With the Dodgers singing Chris Capuano on Friday, the door effective shut on Hiroki Kuroda's chances of returning to the Dodgers.
Now, Kuroda has said he's willing to play elsewhere -- and not just in Japan.
General Manager Ned Colletti had already decided before Thanksgiving the Dodgers would have a hard time re-signing Kuroda. Now, the Angels, Diamondbacks, Red Sox, Rockies and Tigers all have interest in the 37-year-old righty. The Carp of the Japanese league have already made him an offer to return home.
The Diamondbacks, Red Sox and Tigers were all mentioned as possible suitors at the July 31 deadline.

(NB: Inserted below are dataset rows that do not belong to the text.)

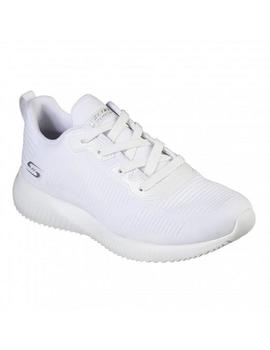 Zapatilla Mujer Skechers Bobs Squad Blanco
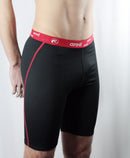 Cuissard homme coutures plates ZISTE noir / rouge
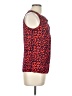 Anne Carson 100% Rayon Red Sleeveless Blouse Size L - photo 4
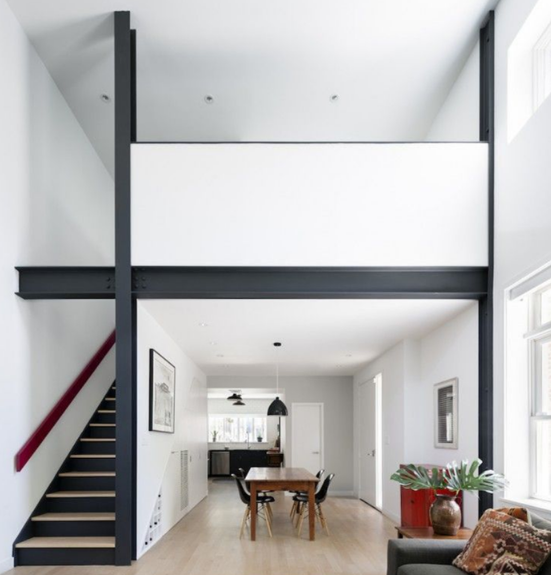 Anti Seismic Steel Frame Villa , G550 Steel Frame Shop 2000mm * 900mm Door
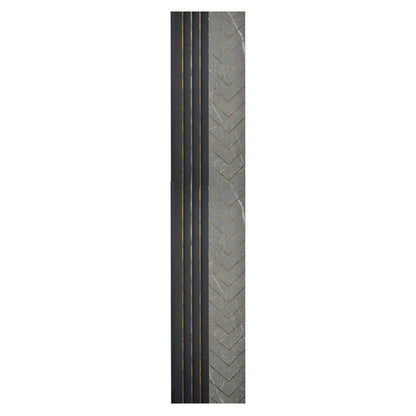 Set 2 panouri decorative, riflaj, polimer rigid, Naimeed D5503, 270x16x1cm, Gri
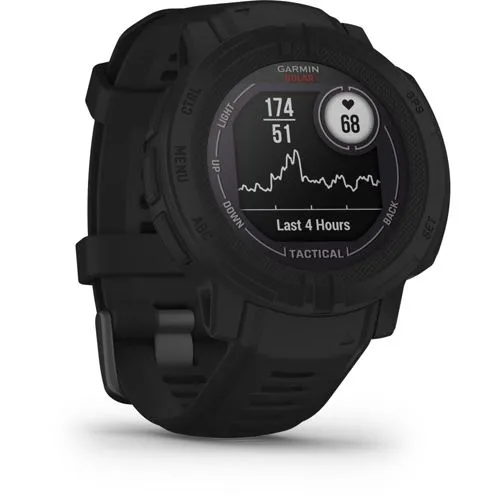 Garmin Instinct 2 Solar Tactical Edition - Sportuhr schwarz, 28 Tage Akkulaufzeit und wasserdicht bis 10 ATM für Outdoor-Enthusiasten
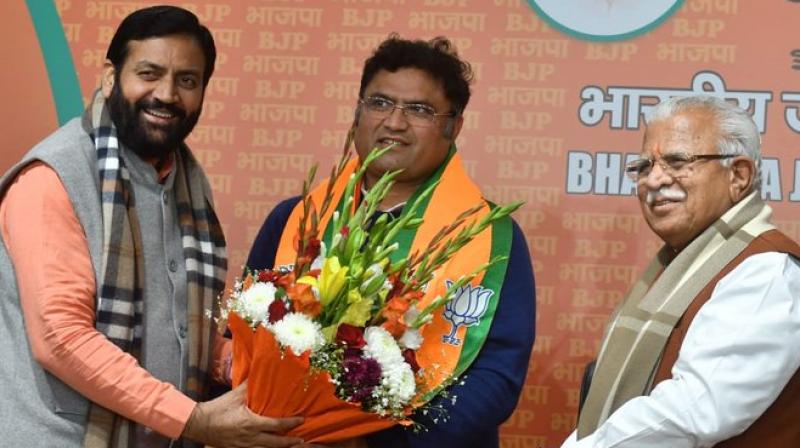 Ashok Tanwar joined BJP News in punjabi Ashok Tanwar joined BJP News in punjabi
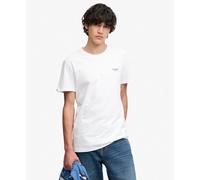 T-shirt with logo Superdry Essential Stacked Blanc 3XL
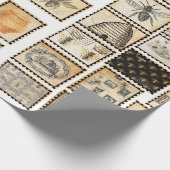 Vintages Bienenwaschpapier Geschenkpapier (Ecke)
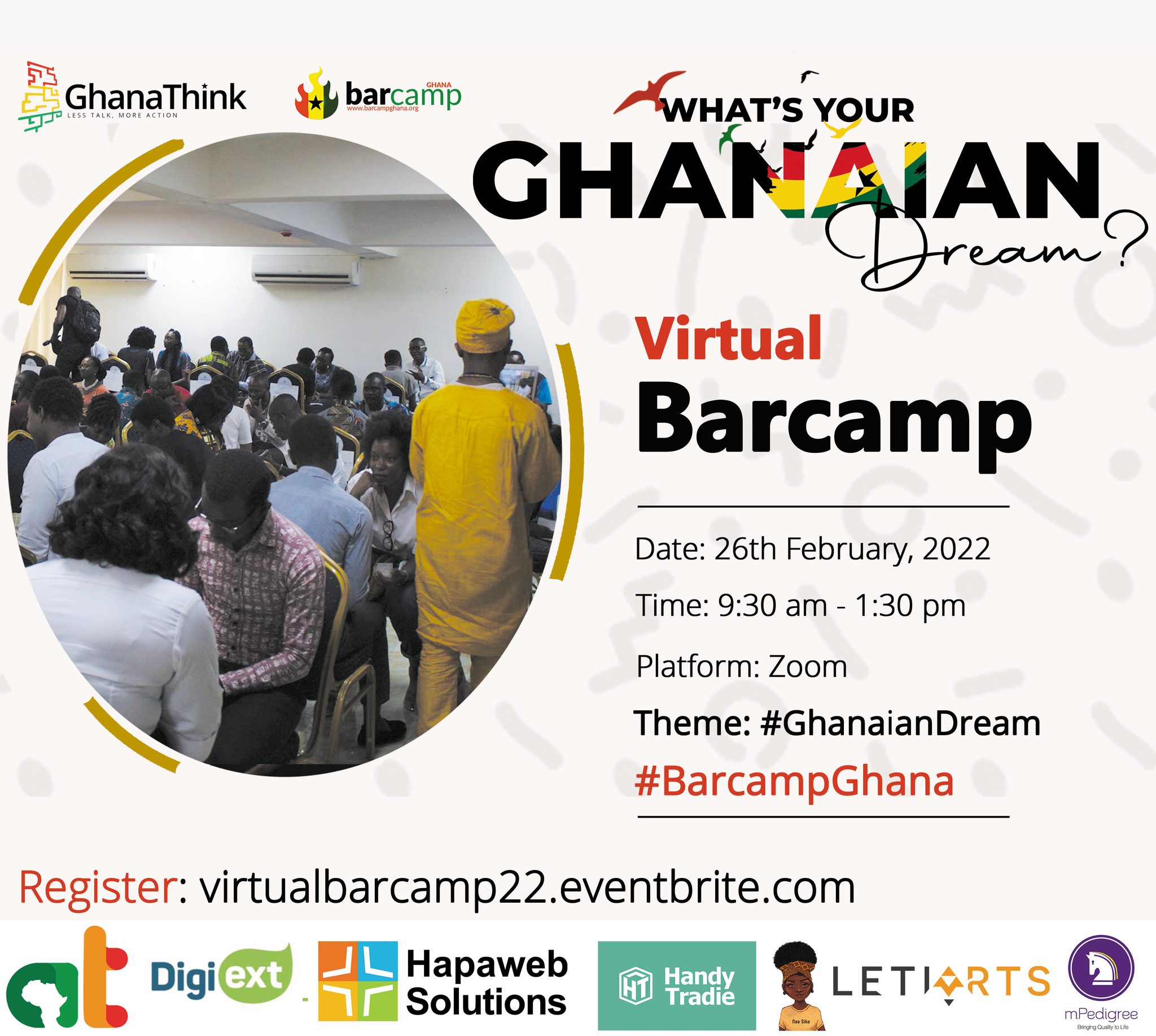 Virtual Barcamp Ghana 2022 is a call to action in working towards our Ghanaian Dream(s)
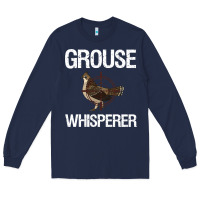 Navy Ruffed Grouse Hunting Bird Spruce Grouse Long Sleeve Tee - longCreatives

Many were upset at Kuroda's decision to not waive his no-trade clause to help the Dodgers acquire young talent at the trade deadline. I was disappointed, but I respected Kuroda's loyalty to the team.
He's apparently seeking a $12 to $13 million deal on the open market, which he should have no problem landing because he won't require a long-term commitment.
Some are upset at this notion, but I'm really not. Kuroda is free to do what he wants. The Dodgers simply mismanaged their money and now have little chance to retain the solid right-hander.
I wish him luck where ever he ends up. If I was a betting man, I'd put my money on Boston.
ESPN's Buster Olney tweeted earlier Aaron Harang might be a fit as the Dodgers' No. 5 starter.
I said as much in my last post. I'd be all for it. Having Capuano and Harang would come be a much better alternative to Kuroda than just Capuano.
I could see the Dodgers bringing him in on a back-loaded contract. The Dodgers are also, for some reason, searching for a veteran utility player and veteran middle reliever.
The last is more puzzling than the first. If the Dodgers sign Harang, Nathan Eovaldi moves to the bullpen. I know he's still a rookie, but Eovaldi in the bullpen would all but eliminate the "need" for a veteran reliever.
The money would be much better spent on Harang than some middling relief pitcher.
One thing's for certain: the Dodgers won't likely make any big splashes at the Winter Meetings (which start tomorrow). It'd take payroll flexibility and/or a creative GM, and the Dodgers have neither of those.